I'd apprecaite advice on anyone who has been in a similar situation, how to figure out this cyclical relationship pattern stuff, and if there is any recovery here - or how to move forward single again if thats really gods will.

Things came to a head last night. We are very busy individuals but the last few months have been neglecting the little time we have for each other. We've both rejected each others attempts to communicate by bringing up the latest transgressions. We talked, she says she loves me and doesn't want to hurt me, but that our marriage is dead and since every time we've worked things back on track it only lasts for a couple months then I mistreat her constantly again. 

The cycle we've experienced is we work hard on our marriage for a few months and things are good, then we get busy with work or school or projects and work on our own stuff.
Then I'm not meeting her needs so my cute ineptness or forgetfulness are suddenly malicious acts, and my playful verbal jokes are all attacks and criticisms. We'll still be doing shared activities and parenting and occasionally have a good time together, but everything I do is overshadowed by something and resentment starts to grow. She will remember very few nice things in hindsight and only 'a million paper cuts'.
Then our communication starts to be stonewalled, I'd rather stay home than do a family event, and we're painful to be around each other.
Then something happens, some stupid comment or rude action, and a week or so later she presents her realization that we are not meant to be, that our marriage is unsavable, she will separate or divorce.
Then a few weeks of silence.
Then we see each other while swapping kids, start talking, acting decent and not fighting. 
Over a week to a few months, we eventually dig into the latest reason of the breakup, make a plan to resolve the issues, commit to coming back together stronger than ever.
Cycle up, the whole cycling taking a good 1-1.5 years.
The issues coming to head as physical fights the first time, then verbal fights/abuse, then physical/emotional abandonment when she was sick, then emotional abandonment and alcoholism, now emotional/physical abandonment.


----------



## den-dad (Dec 21, 2014)

When we were talking and she saying its over, we dug into finding her submissiveness/tolerating the beginning irritating stuff (and softly rebuking it and telling me to stop, in what I perceived as a playful manner), is the same behavior she learned at childhood from dealing with her abusive dad, and seeing in their marriage. My overbearing/withdrawing stuff (stepping on her overly soft nature, absorbing in work/projects, avoiding conflict by stonewalling/leaving) are exactly what I saw my dad do. So this is some deep set stuff that neither of us are even really conscious of at the time, or know how to resolve if we do. 
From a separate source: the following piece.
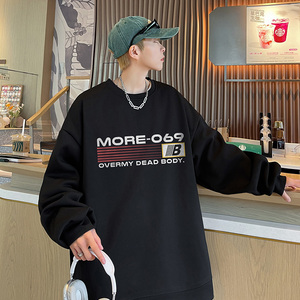 港风供直播抖音高品质重磅菠萝格宽松男卫衣W2066P45控68图片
So we have our small circle, which ties into the bigger cycle of our parents.


----------



## den-dad (Dec 21, 2014)

We both don't want to leave the home (she would like me to leave which is the only thing she's said so far that I've gone against, I'm rolling with the rest everything for now for the sake of peace), so she's putting a second bed in the bedroom and treating me cold as hell, but at least we're both here for now and the kids are good.

I told her I don't want the cycle to repeat either because it hurts us both so much each time, the hopelessness of that the reason for a permenant divide. I have told her I believe in our marriage however and will do whatever I can to preserve/maintain our family. We agreed we both love each other so dearly, and that we really weren't doing much to consiously hurt each other, but it sure happened. I proposed a longer term counseling (1yr, as her concern is we'll drop out after a few months), she rejected. 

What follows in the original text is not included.